▶ _Aim of the task_: An exact transcription of the lines below, from the first through the one containing "Boat Neck Batwing", is the only output wanted.

Material supplied: Begin

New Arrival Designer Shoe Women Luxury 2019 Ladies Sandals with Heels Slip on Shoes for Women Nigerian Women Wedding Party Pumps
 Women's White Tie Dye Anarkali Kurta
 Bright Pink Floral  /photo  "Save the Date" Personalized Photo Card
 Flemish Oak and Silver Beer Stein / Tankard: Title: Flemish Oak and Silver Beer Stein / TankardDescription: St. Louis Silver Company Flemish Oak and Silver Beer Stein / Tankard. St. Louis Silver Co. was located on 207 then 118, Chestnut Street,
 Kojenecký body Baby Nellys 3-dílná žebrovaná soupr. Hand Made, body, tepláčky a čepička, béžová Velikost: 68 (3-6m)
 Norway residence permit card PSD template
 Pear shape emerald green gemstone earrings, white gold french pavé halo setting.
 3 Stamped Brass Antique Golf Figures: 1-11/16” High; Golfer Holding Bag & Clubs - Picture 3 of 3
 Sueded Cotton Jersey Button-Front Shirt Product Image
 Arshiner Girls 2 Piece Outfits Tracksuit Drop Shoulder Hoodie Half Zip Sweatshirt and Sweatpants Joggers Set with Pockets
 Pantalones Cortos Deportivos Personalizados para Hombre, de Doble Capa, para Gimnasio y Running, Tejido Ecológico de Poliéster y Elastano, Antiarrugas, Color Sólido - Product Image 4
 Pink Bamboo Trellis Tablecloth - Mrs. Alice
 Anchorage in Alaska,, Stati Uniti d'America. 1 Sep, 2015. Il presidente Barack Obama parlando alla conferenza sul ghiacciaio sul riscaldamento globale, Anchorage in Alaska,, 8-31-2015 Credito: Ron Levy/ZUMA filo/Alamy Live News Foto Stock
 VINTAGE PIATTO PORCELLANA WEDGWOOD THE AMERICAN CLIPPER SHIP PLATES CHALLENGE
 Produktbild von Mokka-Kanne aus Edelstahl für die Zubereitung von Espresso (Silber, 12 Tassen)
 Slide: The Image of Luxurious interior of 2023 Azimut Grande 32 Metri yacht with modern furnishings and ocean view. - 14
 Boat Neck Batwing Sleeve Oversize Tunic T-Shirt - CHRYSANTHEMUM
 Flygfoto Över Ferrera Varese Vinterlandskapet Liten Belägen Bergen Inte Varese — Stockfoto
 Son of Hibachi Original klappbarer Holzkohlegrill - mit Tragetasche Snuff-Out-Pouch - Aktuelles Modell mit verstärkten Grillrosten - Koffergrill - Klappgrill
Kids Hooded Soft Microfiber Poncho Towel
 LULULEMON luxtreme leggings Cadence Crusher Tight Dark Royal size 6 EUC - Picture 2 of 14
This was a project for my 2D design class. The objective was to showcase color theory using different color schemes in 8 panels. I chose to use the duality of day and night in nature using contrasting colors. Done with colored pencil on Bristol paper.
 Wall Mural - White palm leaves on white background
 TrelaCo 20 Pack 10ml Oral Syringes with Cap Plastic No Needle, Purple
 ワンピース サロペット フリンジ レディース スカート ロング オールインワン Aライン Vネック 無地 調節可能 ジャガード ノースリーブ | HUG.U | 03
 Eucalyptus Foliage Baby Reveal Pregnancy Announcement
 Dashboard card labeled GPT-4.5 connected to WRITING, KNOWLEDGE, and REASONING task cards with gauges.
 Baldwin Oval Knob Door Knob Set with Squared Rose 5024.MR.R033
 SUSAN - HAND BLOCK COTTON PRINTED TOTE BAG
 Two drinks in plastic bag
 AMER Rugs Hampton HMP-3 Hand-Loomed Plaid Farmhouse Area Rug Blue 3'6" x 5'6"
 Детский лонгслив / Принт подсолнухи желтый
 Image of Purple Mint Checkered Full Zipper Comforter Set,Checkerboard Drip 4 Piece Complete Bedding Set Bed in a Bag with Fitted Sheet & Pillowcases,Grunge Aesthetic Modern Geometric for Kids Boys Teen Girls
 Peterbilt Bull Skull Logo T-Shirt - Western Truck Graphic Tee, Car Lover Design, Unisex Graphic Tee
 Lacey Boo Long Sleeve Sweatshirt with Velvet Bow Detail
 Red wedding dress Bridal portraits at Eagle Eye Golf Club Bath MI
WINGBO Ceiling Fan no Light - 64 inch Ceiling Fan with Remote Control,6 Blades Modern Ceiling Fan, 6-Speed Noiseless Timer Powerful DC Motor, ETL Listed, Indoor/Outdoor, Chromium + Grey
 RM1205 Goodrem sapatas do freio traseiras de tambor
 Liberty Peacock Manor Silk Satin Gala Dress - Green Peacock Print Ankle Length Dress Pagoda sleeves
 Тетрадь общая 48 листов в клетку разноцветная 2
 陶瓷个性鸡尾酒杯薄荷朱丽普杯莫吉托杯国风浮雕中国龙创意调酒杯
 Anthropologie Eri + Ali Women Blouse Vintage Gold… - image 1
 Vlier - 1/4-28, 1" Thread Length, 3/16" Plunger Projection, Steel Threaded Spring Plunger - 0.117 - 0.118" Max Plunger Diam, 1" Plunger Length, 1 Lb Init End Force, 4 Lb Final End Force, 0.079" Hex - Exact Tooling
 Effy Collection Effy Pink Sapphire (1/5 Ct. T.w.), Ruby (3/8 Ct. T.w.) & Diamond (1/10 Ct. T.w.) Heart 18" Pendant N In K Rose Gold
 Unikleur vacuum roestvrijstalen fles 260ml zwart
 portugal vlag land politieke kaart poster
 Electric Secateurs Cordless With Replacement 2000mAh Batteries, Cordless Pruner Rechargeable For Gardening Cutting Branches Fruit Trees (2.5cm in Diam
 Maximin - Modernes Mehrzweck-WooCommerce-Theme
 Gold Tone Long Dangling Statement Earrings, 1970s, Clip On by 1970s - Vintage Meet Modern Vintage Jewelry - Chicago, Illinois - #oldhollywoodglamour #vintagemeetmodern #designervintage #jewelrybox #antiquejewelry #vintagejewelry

Material supplied: End

▶ _Result for this exercise_:
New Arrival Designer Shoe Women Luxury 2019 Ladies Sandals with Heels Slip on Shoes for Women Nigerian Women Wedding Party Pumps
 Women's White Tie Dye Anarkali Kurta
 Bright Pink Floral  /photo  "Save the Date" Personalized Photo Card
 Flemish Oak and Silver Beer Stein / Tankard: Title: Flemish Oak and Silver Beer Stein / TankardDescription: St. Louis Silver Company Flemish Oak and Silver Beer Stein / Tankard. St. Louis Silver Co. was located on 207 then 118, Chestnut Street,
 Kojenecký body Baby Nellys 3-dílná žebrovaná soupr. Hand Made, body, tepláčky a čepička, béžová Velikost: 68 (3-6m)
 Norway residence permit card PSD template
 Pear shape emerald green gemstone earrings, white gold french pavé halo setting.
 3 Stamped Brass Antique Golf Figures: 1-11/16” High; Golfer Holding Bag & Clubs - Picture 3 of 3
 Sueded Cotton Jersey Button-Front Shirt Product Image
 Arshiner Girls 2 Piece Outfits Tracksuit Drop Shoulder Hoodie Half Zip Sweatshirt and Sweatpants Joggers Set with Pockets
 Pantalones Cortos Deportivos Personalizados para Hombre, de Doble Capa, para Gimnasio y Running, Tejido Ecológico de Poliéster y Elastano, Antiarrugas, Color Sólido - Product Image 4
 Pink Bamboo Trellis Tablecloth - Mrs. Alice
 Anchorage in Alaska,, Stati Uniti d'America. 1 Sep, 2015. Il presidente Barack Obama parlando alla conferenza sul ghiacciaio sul riscaldamento globale, Anchorage in Alaska,, 8-31-2015 Credito: Ron Levy/ZUMA filo/Alamy Live News Foto Stock
 VINTAGE PIATTO PORCELLANA WEDGWOOD THE AMERICAN CLIPPER SHIP PLATES CHALLENGE
 Produktbild von Mokka-Kanne aus Edelstahl für die Zubereitung von Espresso (Silber, 12 Tassen)
 Slide: The Image of Luxurious interior of 2023 Azimut Grande 32 Metri yacht with modern furnishings and ocean view. - 14
 Boat Neck Batwing Sleeve Oversize Tunic T-Shirt - CHRYSANTHEMUM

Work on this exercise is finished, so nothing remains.